The recession turns global, Romania may decide it needs the IMF funds after all, while the crisis deepens and seems to be longer and more serious than anyone imagined. Meanwhile, Romanian politicians continue their quarrels and the Tourism Ministry attempts to re-connect with the German giant operator TUI.
The world is officially inn recession, for the first time after the Second World War, the World Bank warns in its latest report. The document suggests that the rich countries should save 0.7% of the funds used to stimulate their own economies, in order to use is in a "vulnerability fund" for developing countries, Evenimentul Zilei notes.
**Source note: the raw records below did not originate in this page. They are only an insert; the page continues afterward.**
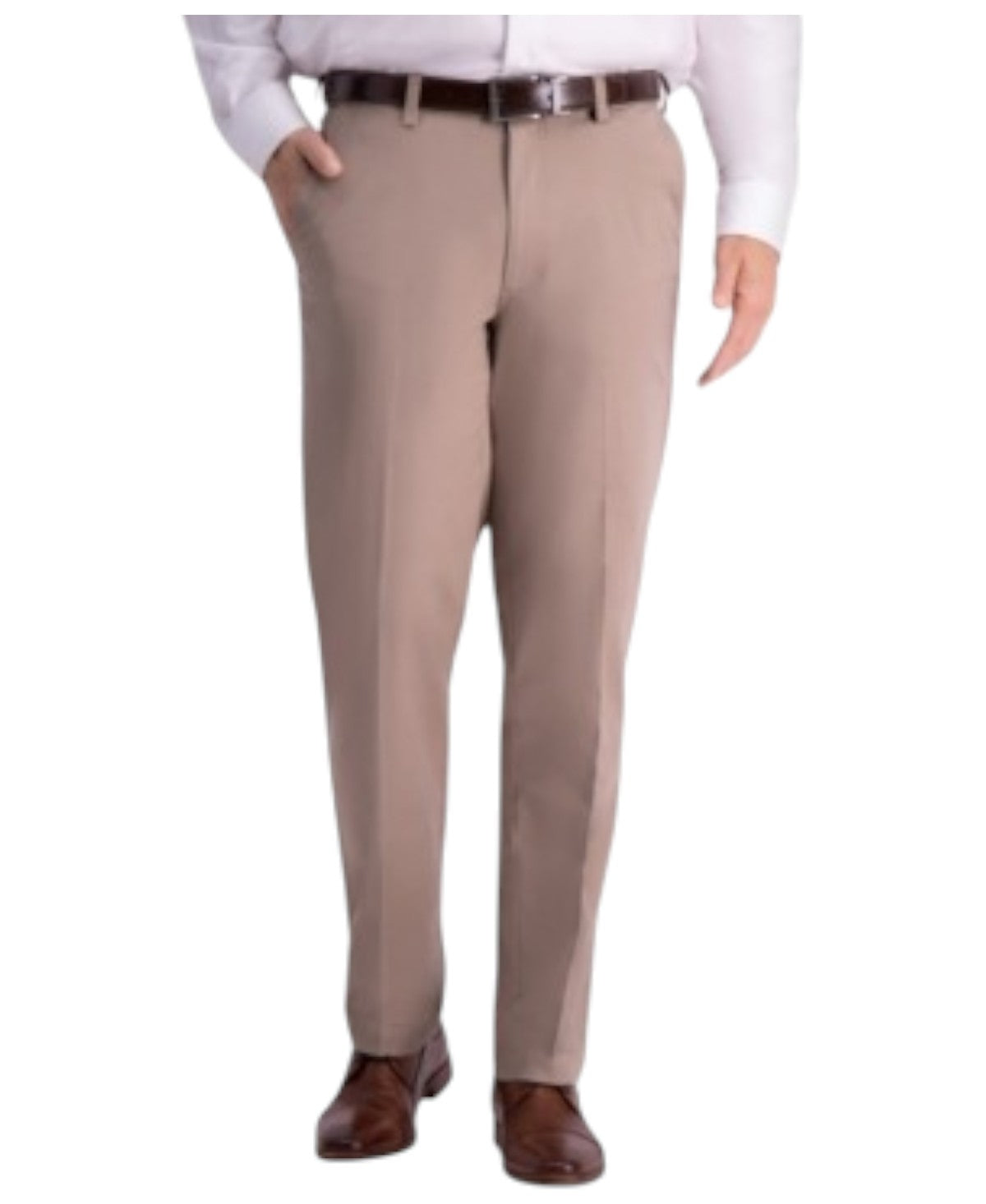 Haggar Mens Classic fit Chinos Pants 32 / 30 Beige Solid Stretch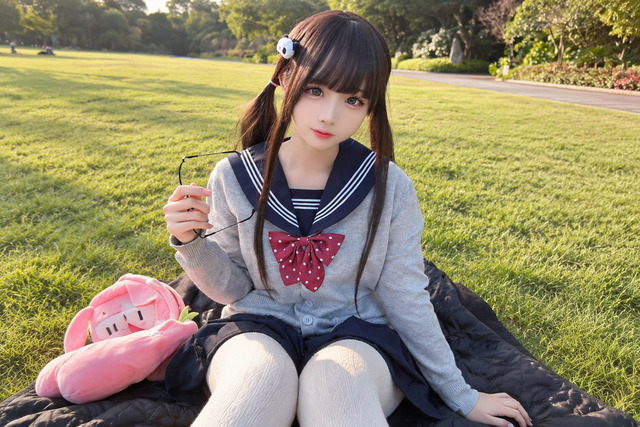 miko酱ww学生妹COS:用校园造型展现青春少女感自然气质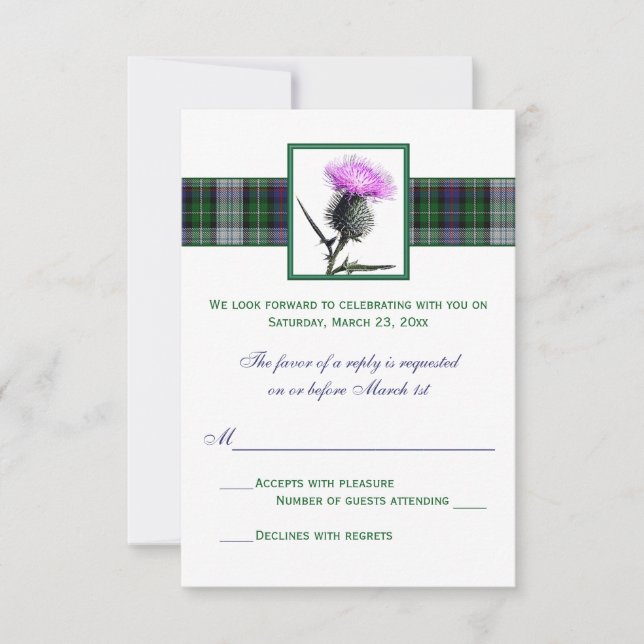 Lila Grön Tartan Tistel Bröllops-svarskort OSA Kort (Framsida)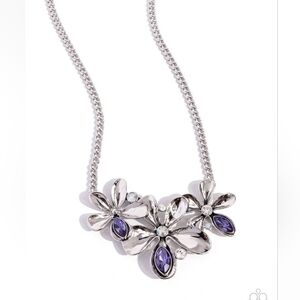 Silver Floral Pendant Necklace with Purple Stones Adjustable 16-18"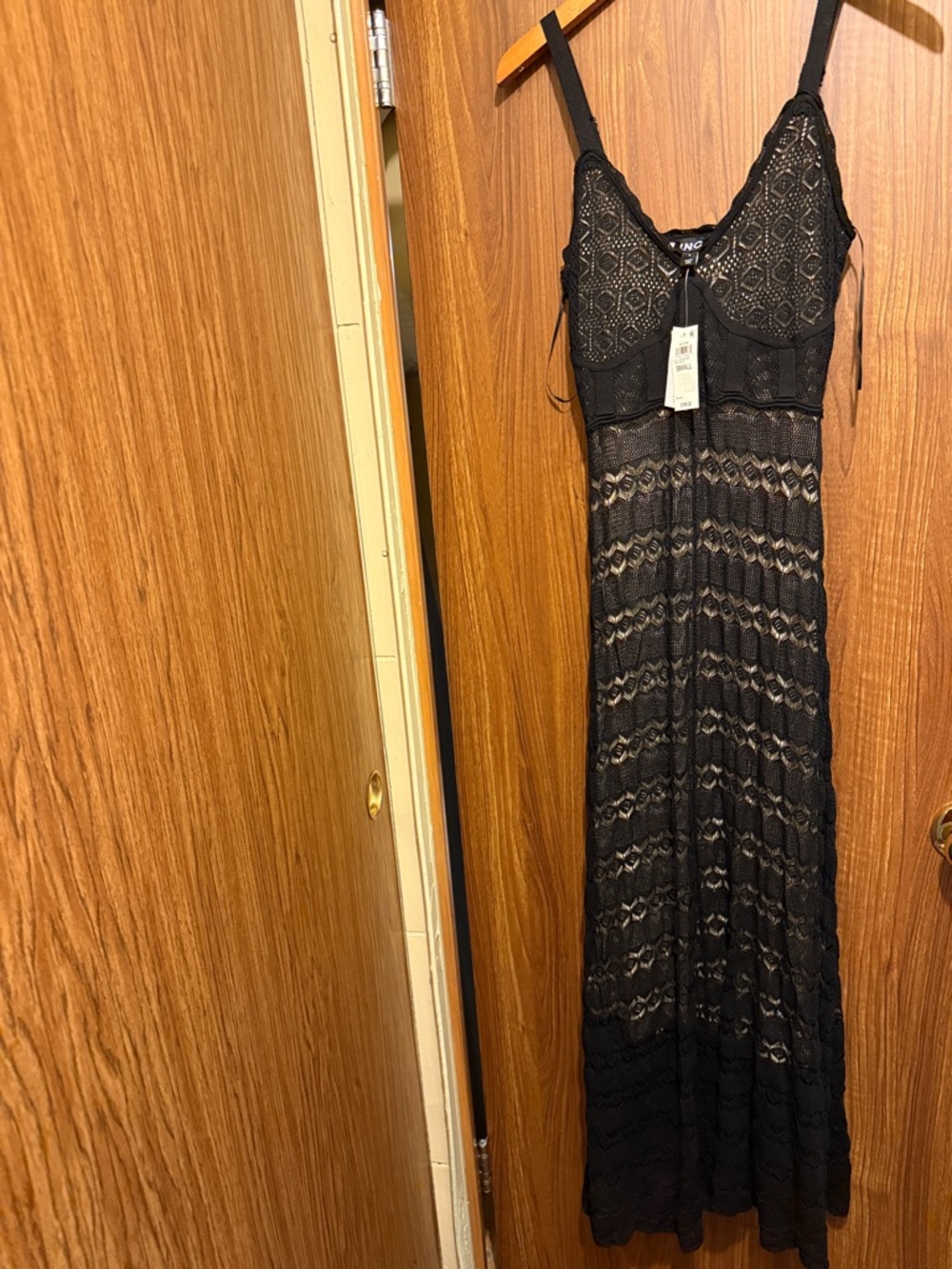 INC International Concepts Black Lace Maxi Dress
At the same time, Romania president Traian Basescu held a speech in front of the Parliament on Monday, stating that "The state reform plus austerity equals a chance for Romania". "The crisis may be longer and deeper than we thought it would be", said Basescu, asking the electors to forget the electoral promises made by the former Liberal government and accept the anti-recession measures, same Evenimentul Zilei reads.
The same equation is quoted by Gandul, which adds that Basescu's speech partially confirmed Romania's intention to demand a loan from the International Monetary Fund (IMF). Partially is the key word, since Basescu practically referred to a loan from the European Union, under the IMF surveillance.
Same Gandul reminds the conditions imposed by the IMF to other countries that requested loans so far. "EU answered to all states demanding funds that an agreement with the IMF is first necessary. And not without reason, since the hellish conditions imposed by the IMF are a way to make sure that the funds are spent fairly", the newspaper notes.
In politics, Conservative leader Dan Voiculescu prepares to break the coalition he signed with the Social Democrats, accusing the fact that his party didn't receive any seats in the Government. According to the protocol signed before the elections, the Conservatives should have received 5% of the seats, Cotidianul reads, adding that the move would leave Social Democrats without one of their main communication channels, namely Voiculescu's TV stations.
Elsewhere in the news, Tourism Minister Elena Udrea intends to reopen the collaboration with the German giant tour operator TUI. Formerly involved on the Romanian market, TUI decided to withdraw in 2006, accusing the high prices in Romanian resort, doubled by noise and the lack of hygiene, Gandul reads.